January 30, 2003

THE FORSAKEN:

Newly released letters tell of Jesus calling Mother Teresa 'my little wife' (STEPHEN FRASER, 12/08/2002, The Scotsman)
MOTHER TERESA had visions in which she saw the Virgin Mary and talked to Jesus, newly-published letters have revealed. In her visions, Jesus called her "my little wife" and "my dear little woman" and told her to found a new order of nuns devoted to helping the poor in India.

The letters she wrote to two priests, who acted as her spiritual mentors, also reveal that Mother Teresa - who died in 1997 aged 87 - suffered episodes of depression throughout her life in which she underwent grave crises of faith. [...]

Her letters suggest the 1947 vision was her last experience of "dialogue" with Jesus. Later communications suggest profound religious doubt. In one letter, dated 1958, she wrote: "My smile is a great cloak that hides a multitude of pains."

Because she kept a smile on her face, she wrote, people "think that my faith, my hope and my love are overflowing, and that my intimacy with God and union with His will fill my heart. If only they knew."

Mother Teresa was more explicit in another item of correspondence: "The damned of Hell suffer eternal punishment because they experiment with the loss of God. In my own soul, I feel the terrible pain of this loss. I feel that God does not want me, that God is not God, and that God does not exist."

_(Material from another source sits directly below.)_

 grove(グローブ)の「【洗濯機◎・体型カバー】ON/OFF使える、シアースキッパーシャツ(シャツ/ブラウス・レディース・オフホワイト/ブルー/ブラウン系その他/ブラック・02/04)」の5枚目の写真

Apparently this bothers or gladdens some folks. But if this is so:
And about the ninth hour Jesus cried with a loud voice, saying, Eli, Eli, lama sabach'thani? that is to say, My God, my God, why hast thou forsaken me?

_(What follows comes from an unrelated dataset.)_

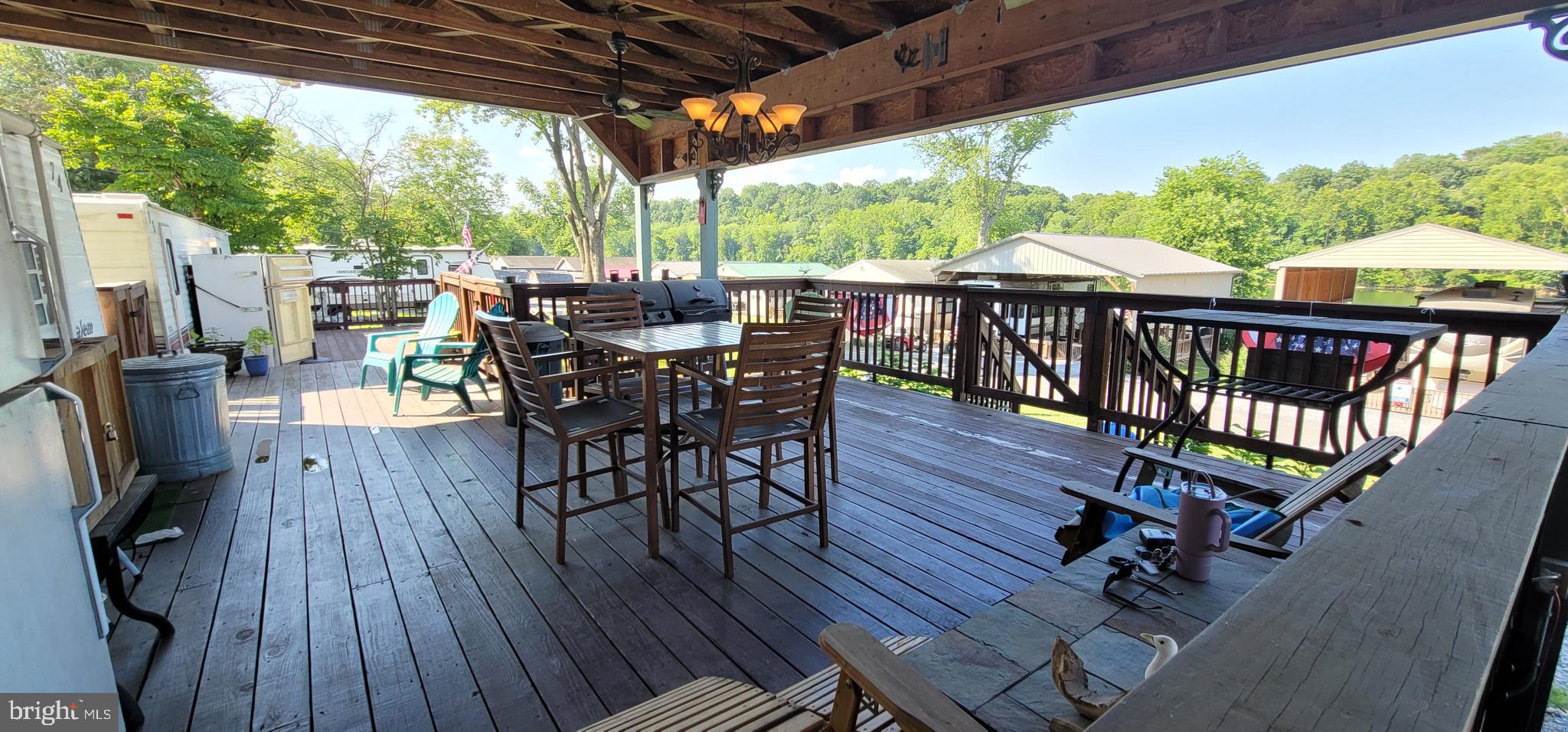 RIVER BEND - Residential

...if Christ despaired (which is, after all, the most important aspect of his sojourn here among us), how could any mere human, even a saint, not suffer their own crises of faith? Posted by Orrin Judd at January 30, 2003 8:41 PM
Comments

As the proverbial Papist (and huge Mother Teresa fan), I don't see the problem. Faith without doubt is the domain of the shallow, or the stupid. That she persevered, and found strength, among those doubts, is what made her what she was.

Posted by: Christopher Badeaux at January 31, 2003 10:54 AM

There's this to be said about being a materialist. We don't have crises of lack of faith.

Posted by: Harry at January 31, 2003 3:04 PM

Or, looked at a different way, you have a constant
crisis of lack of faith.

Posted by: Christopher Badeaux at January 31, 2003 3:11 PM

They that deny a God destroy man's nobility; for certainly man is of kin to the beasts by his body; and, if he be not of kin to God by his spirit, he is a

base and ignoble creature.



Francis Bacon--Of Atheism

Posted by: oj at January 31, 2003 3:20 PM

Harry - perhaps your faith in materialism would benefit from a few doubts. There seems a lack of skepticism in your skepticism.

Posted by: pj at January 31, 2003 3:41 PM

I've observed crises of faith in action. Nothing I want to be associated with.

Posted by: Harry at January 31, 2003 6:10 PM

Yes, Harry, when yous comes it will be very ugly. I see you running into the street screaming "Darwin duped me!" :)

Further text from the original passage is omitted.